Author – Chris Cooper, Security Consultant at SureCloud
Web application security is finally catching up with the threat landscape in which it is situated. Common vulnerabilities have been identified and are being fixed. The industry has generally adopted the Open Web Application Security Project (OWASP) Top 10, a list of the most critical web application security risks and the steps needed to mediate them. The most recognisable flaws at the highest rungs of this list are in decline, and when they are identified, developers fix them.
Awareness is growing – but it is not equal everywhere. In areas where awareness is poor, developers are more likely to make mistakes and are weaker at responding to them. This means that rather than focusing all our attention on the weaknesses we already understand, we must start talking more about the ones we don’t. Here are three of the major ones to consider.

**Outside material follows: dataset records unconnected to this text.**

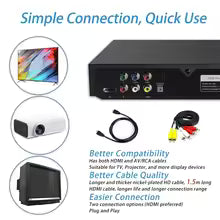 High-Definition 1080P Home DVD
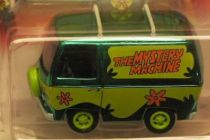 Scooby-Doo, Mint on Card Die Cast Metalised Mystery Machine scaled 1: 64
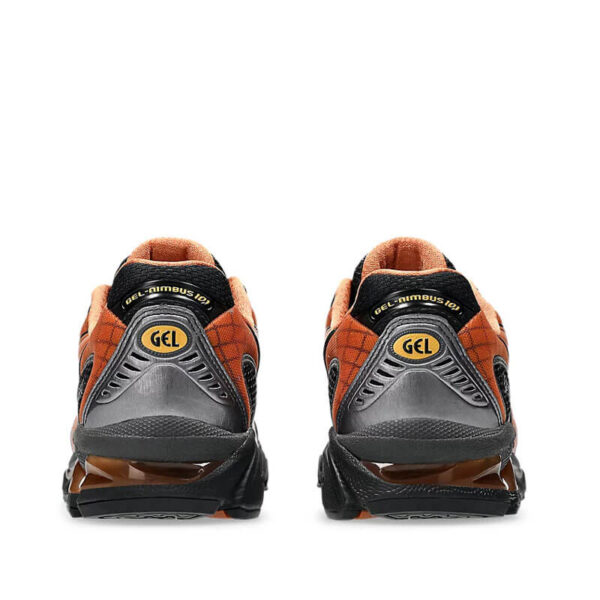 ASICS GEL-Nimbus 10.1 - Black / Rust Orange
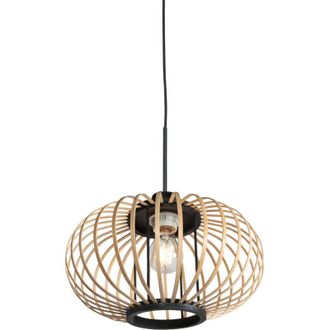 Steinhauer Steinhauer - L&aacute;mpara Colgante - Sparkled Light - Natural - Bamb&uacute;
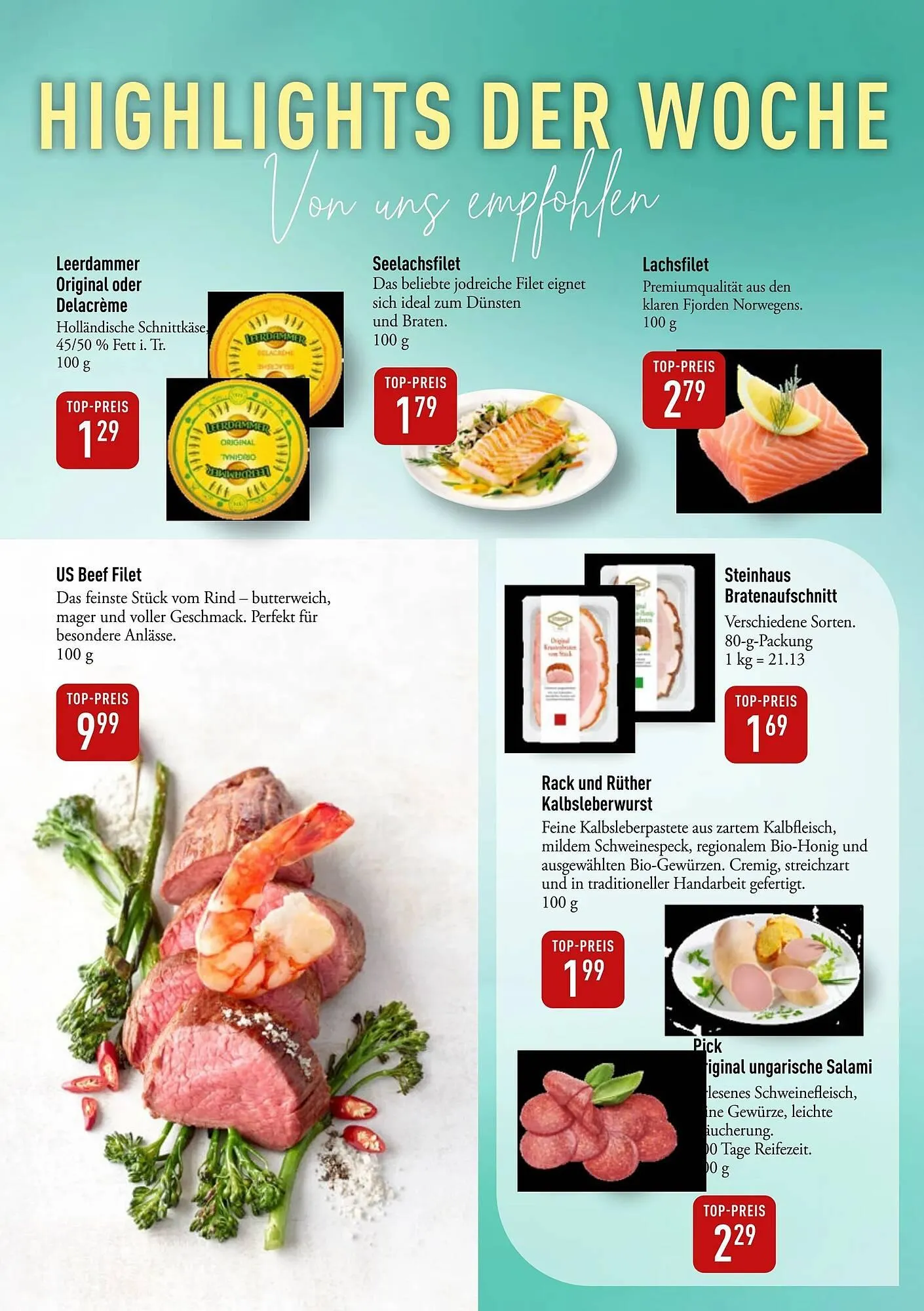 Galeria Markthalle Prospekt von 17. November bis 24. November 2025 - Prospekt seite 5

Cross-site request forgery (CSRF) is perhaps the most common high-severity flaw in web applications today, and the most poorly understood.

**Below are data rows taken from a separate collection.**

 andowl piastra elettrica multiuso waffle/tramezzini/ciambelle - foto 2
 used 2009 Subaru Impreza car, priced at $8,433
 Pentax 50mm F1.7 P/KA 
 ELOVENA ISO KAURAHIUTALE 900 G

CSRF attacks work when a user is tricked into sending a request that makes a change on the vulnerable web application. The server assumes that, because the request was received from the victim’s browser, that they genuinely initiated it. In actuality, it might have been initiated by a malicious website that they were lured onto, a crafted link that they followed, or an image they loaded in an email.
When an application is vulnerable, it can often be leveraged to take any action on behalf of the user. This depends on the application in question, but it might include changing their login details or triggering a money transfer to the attacker.
The only way to prevent this is to allow the application to tell the difference between a genuine request initiated by the user, and a crafted request from an attacker. The most highly recommended method is the use of a synchroniser token.
The attacker can only craft an effective request if they know beforehand all the information that needs to be submitted. If every ‘action’ on the application requires a secret token to be submitted alongside it, one that is tied to the user’s session, any request crafted by an attacker will fail as long as they don’t know the user’s token.
DOM-Based XSS – cross-site scripting that occurs in the client-side document object model – is another issue that is becoming more frequent, yet doesn’t receive a great deal of press. The exploitability and impact of this issue is very similar to regular cross-site scripting, which is significant when you consider that the cause and resolution of the vulnerability occur in an entirely different place. In other words, an awareness of regular cross-site scripting does very little to help prevent or control this otherwise related issue.
The source input could, for instance, be part of the URL, a cookie, or a value reflected by the server. The payload might be able to read data from the page and leak it to an attacker, modify the page to trick the user, or a host of other potential XSS outcomes.
Business logic flaws vary significantly, which makes them more difficult to define and understand. This type of issue generally permits an attacker to manipulate the logic of an application – using it in a way that was not intended by the developer. Preventing and testing for these kinds of flaws requires an in-depth exploration of the application’s processes, and what can happen if the workflow is subverted.
A business logic flaw might, for example, allow a user of an ecommerce site to begin transactions and earn loyalty points without ever actually completing a purchase, or to apply a 10% discount code to their order multiple times when it should only be allowed once.
Oversights like this are relatively common, and combating them is harder. Most other types of vulnerability are very closed, with a set of well-defined characteristics and behaviours. Business logic flaws are extremely open-ended by comparison.
This makes discussion all the more important, since we all have to understand a very wide range of potential scenarios in order to build a better picture of what these issues might look like, and what we can do to prevent them.
These are only a minor subset of the major web application flaws that aren’t receiving enough airtime – there are plenty of others. While the industry continues to focus on the few, it will allow these outliers to slip into critical applications that power businesses, governments, and everyday Internet consumers.
It is critical that the web application industry takes a closer look at the content covered by OWASP, considers in detail relevant research conducted by security firms, and gets talking about the wider web security landscape, sharing critical knowledge.